With the arrival of President Barack Obama and his entourage in Havana, Cruz asserts in an op-ed in Politico, “[I]t is so sad, and so injurious to our future as well as Cuba’s,” that – rather than denounce Castro’s “corrupt and oppressive” regime – Obama instead has elected to legitimize it with his presence.

Cruz says the oppressed in Cuba “will not be on TV, rubbing elbows with the Obamas or left-wing politicians like Nancy Pelosi. There will be no mojitos at the U.S. Embassy for them. Raul Castro denies their very existence.”

He continues:

The White House keeps saying that this trip will chart a new course for people-to-people relations, but all that Obama’s appeasement of the Castro dictatorship has done so far is create a channel for inside deals between large corporations and the Cuban military, which holds all the keys to the island’s economy. The effect will not be liberalization but rather the institutionalization of the Communist dictatorship as the profits from this détente will line the pockets not only of Fidel and Raul Castro, but also of Raul’s son, Alejandro Castro Espin.

Corporate cronyism, meet communist totalitarianism.

Cruz’s observation about the lure of communist Cuba for the left was evident in CNN’s Chris Cuomo’s comments as he began coverage of Obama’s visit.

Newsbusters reports that Cuomo was wearing his father’s – former New York Gov. Mario Cuomo – guayabera shirt which, he told CNN’s Alisyn Camerota, was “given to him by Fidel Castro as a gift.”

“[I]t didn’t mean something to him [his father] because it came from Fidel Castro necessarily, but because it marked conversations going on decades ago that were the same as those today,” Cuomo said, adding that for his father Mario, “the concern was the freedom of the people. What is the point of this communist regime if it is not to truly make everyone equal — not at the lowest level; not by demoralizing everyone; but lifting everyone up? My father, generations of politicians, have been fighting this. So, I wear this shirt as a reminder of that, and of my pop.”

Conservative radio host Rush Limbaugh reacted to Cuomo’s comments:

Did you just hear how communism was defined here? Where did this guy pick it up? From his dad? From school? This is incredible. It marked conversations going on decades between Mario the pious and Fidel Castro. And they were the same then as they are today…

Did you know that?  Did you know that the purpose of communism was to make everybody rich?  Did you know the purpose of communism was to elevate everybody? Everybody was to be equal, everybody was to be the same, not demoralized, not at the lowest level, but lifting everyone up. “My father, generations of politicians have been fighting this, so I wear the shirt as a reminder.”

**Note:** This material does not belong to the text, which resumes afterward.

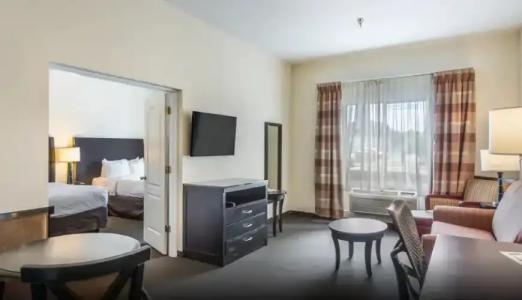 Clarion Inn & Suites Central Clearwater Beach - 63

Sound bites like this – I don’t know – slap me in the face and make me realize something that has escaped me all these years…

Communism imprisons people.

But not to these media people! No, no, no. See, I always thought that these people knew. This is where I was wrong. Back in the day, the seventies, eighties, I’m listening to these people speak glowingly of the Soviet Union, glowingly of the Soviet Union system, happily pronouncing Soviet expansionism — and opposing Ronald Reagan or any effort to rein in communism. That was considered the problem as far as the left and the media was concerned.  I thought they knew that communism imprisoned people.

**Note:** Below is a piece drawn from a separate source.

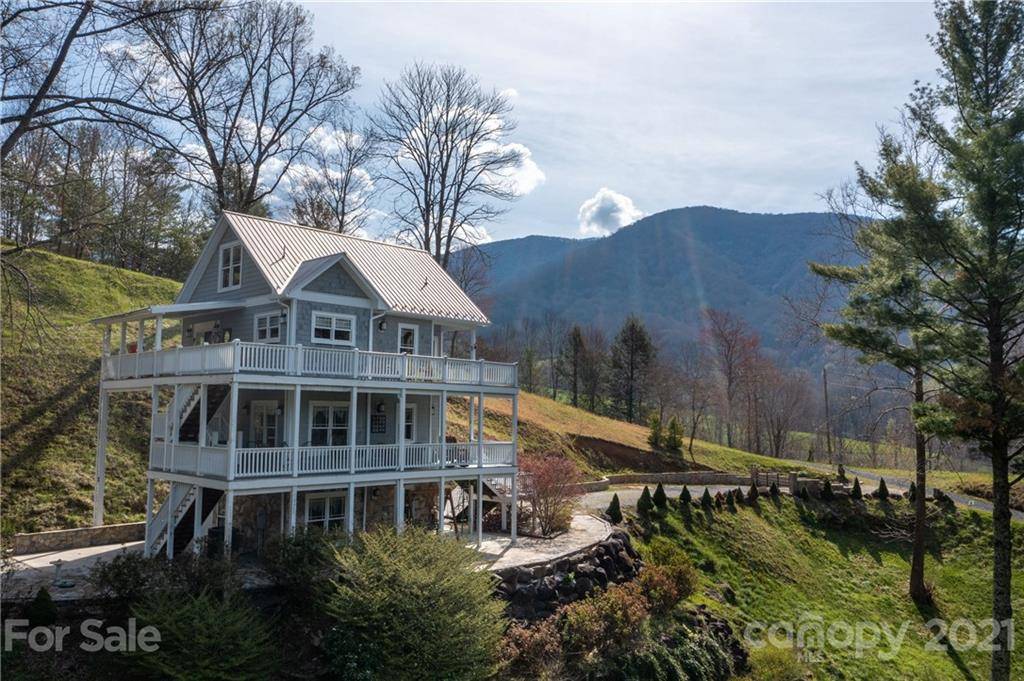 342 Big Rock Creek DR, Bakersville, NC 28705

Cruz points out that Obama said only a couple of months ago that he would only travel to Cuba “if in fact, I with confidence can say that we’re seeing some progress in the liberty and freedom and possibilities of ordinary Cubans. … If we’re going backwards, then there’s not much reason for me to be there.”

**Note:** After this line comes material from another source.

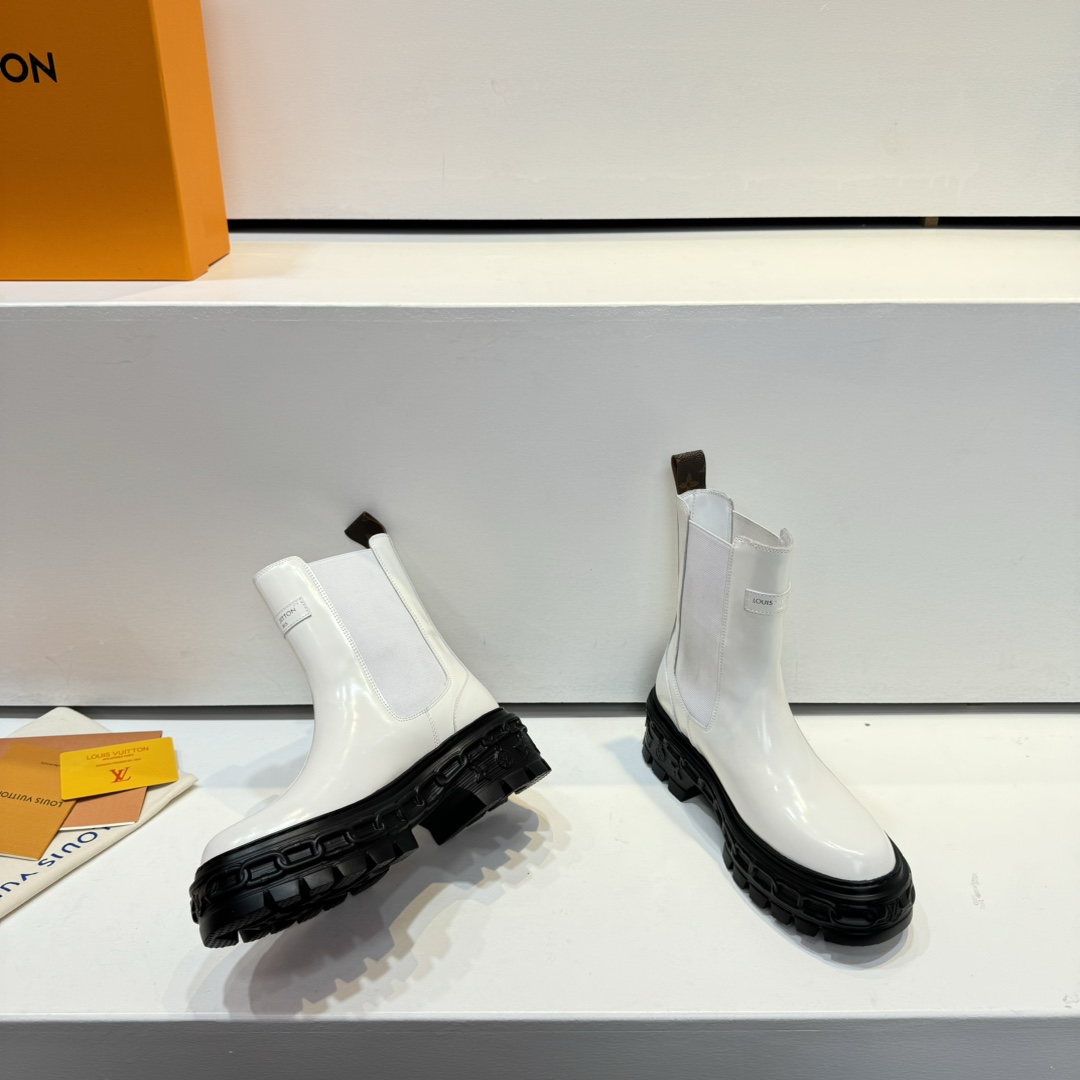 Louis Vuitton LV Record Chelsea Boot - DopestKickz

“I have news, Mr. President: No progress has taken place,” observes Cruz – the son of a Cuban. “Cuba is going backward.”

“The independent Cuban Commission for Human Rights and National Reconciliation says that 1,141 Cubans were detained for political reasons last month alone, following the 1,447 that were detained in January,” he notes.

Cruz continues that both his father and aunt were brutalized in Cuba, but found freedom in the United States. Freedom cannot come to Cuba, he says, by “enriching and empowering the dictatorship,” as terrorism is also exported to Latin America.

“And it cannot happen by forgetting the heroism and suffering of the brave souls who have opposed the Castros for so many decades,” he adds.